## What to do
When you reach the line with "Specially adapted mechanical" in the data below, begin printing lines exactly, and stop once the line with "Thank you once" has been printed.

## Study material

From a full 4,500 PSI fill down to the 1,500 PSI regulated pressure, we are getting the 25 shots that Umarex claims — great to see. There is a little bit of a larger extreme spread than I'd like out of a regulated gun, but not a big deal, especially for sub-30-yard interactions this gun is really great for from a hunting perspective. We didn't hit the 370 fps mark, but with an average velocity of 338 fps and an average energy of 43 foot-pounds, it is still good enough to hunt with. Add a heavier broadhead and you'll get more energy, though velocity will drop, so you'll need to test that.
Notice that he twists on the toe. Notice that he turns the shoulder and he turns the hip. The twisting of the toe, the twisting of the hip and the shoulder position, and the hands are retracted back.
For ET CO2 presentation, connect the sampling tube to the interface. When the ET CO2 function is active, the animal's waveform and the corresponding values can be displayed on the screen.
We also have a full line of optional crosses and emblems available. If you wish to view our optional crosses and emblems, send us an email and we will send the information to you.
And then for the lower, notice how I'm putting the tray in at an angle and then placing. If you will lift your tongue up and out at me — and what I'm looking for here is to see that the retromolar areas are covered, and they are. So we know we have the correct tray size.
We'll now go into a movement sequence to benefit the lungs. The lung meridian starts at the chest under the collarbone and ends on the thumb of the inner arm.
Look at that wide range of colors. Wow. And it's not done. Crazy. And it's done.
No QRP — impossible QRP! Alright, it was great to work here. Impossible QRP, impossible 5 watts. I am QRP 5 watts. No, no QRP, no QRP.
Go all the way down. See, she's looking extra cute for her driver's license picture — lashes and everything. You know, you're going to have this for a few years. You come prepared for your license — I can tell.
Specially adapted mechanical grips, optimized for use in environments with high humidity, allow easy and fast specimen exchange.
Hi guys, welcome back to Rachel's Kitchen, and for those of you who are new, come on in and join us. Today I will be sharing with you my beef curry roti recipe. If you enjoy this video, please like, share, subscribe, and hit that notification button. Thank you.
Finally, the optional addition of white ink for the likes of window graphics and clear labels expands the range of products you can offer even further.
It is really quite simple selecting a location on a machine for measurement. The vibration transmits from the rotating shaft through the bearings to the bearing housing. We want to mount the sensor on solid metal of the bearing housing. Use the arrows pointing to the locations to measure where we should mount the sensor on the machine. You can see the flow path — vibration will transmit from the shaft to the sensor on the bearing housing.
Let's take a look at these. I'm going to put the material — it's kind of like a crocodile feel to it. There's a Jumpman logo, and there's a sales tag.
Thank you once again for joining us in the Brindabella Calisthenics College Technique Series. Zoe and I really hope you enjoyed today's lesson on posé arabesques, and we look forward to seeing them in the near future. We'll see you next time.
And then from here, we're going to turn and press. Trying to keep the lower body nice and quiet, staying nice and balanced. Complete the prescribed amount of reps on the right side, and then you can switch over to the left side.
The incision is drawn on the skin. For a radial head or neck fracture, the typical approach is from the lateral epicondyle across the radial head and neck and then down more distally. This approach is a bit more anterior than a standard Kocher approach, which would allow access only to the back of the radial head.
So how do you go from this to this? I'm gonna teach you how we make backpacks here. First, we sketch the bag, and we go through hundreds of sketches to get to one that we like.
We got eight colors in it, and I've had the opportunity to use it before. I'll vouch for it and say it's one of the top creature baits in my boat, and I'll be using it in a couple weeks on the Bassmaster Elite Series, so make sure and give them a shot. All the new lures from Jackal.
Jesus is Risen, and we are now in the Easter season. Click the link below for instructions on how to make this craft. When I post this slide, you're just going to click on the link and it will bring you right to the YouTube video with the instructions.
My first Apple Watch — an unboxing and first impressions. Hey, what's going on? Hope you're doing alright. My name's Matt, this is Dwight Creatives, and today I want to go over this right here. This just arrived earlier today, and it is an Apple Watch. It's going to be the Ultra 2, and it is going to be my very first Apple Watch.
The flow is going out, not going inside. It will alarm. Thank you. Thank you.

## Answer to this task
Specially adapted mechanical grips, optimized for use in environments with high humidity, allow easy and fast specimen exchange.
Hi guys, welcome back to Rachel's Kitchen, and for those of you who are new, come on in and join us. Today I will be sharing with you my beef curry roti recipe. If you enjoy this video, please like, share, subscribe, and hit that notification button. Thank you.
Finally, the optional addition of white ink for the likes of window graphics and clear labels expands the range of products you can offer even further.
It is really quite simple selecting a location on a machine for measurement. The vibration transmits from the rotating shaft through the bearings to the bearing housing. We want to mount the sensor on solid metal of the bearing housing. Use the arrows pointing to the locations to measure where we should mount the sensor on the machine. You can see the flow path — vibration will transmit from the shaft to the sensor on the bearing housing.
Let's take a look at these. I'm going to put the material — it's kind of like a crocodile feel to it. There's a Jumpman logo, and there's a sales tag.
Thank you once again for joining us in the Brindabella Calisthenics College Technique Series. Zoe and I really hope you enjoyed today's lesson on posé arabesques, and we look forward to seeing them in the near future. We'll see you next time.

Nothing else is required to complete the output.